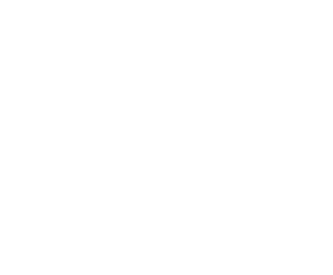 Dow - Programa Estágio - Jump in the future 2023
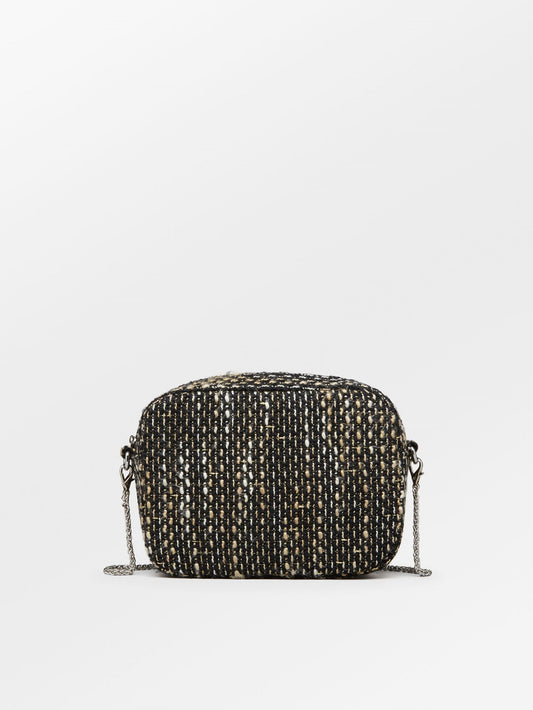 Amaya Pica Bag OneSize Becksöndergaard.se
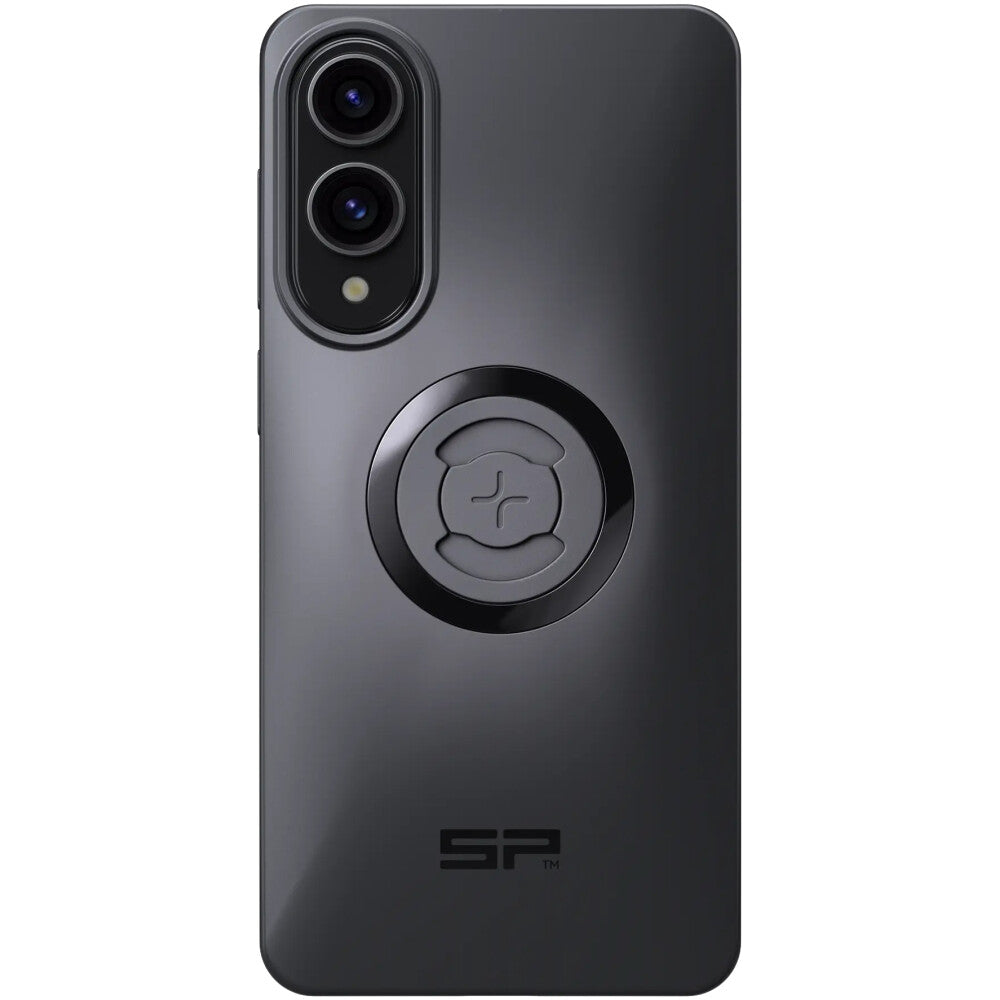 SP Connect Phone Case SPC+ S25 EDGE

•••••

From the line containing "Amaya Pica Bag OneSize Becksöndergaard.se" down to the last line of the data, print every line exactly and nothing else. Pictures stay out of the copy.

 Amaya Pica Bag OneSize Becksöndergaard.se
 SP Connect Phone Case SPC+ S25 EDGE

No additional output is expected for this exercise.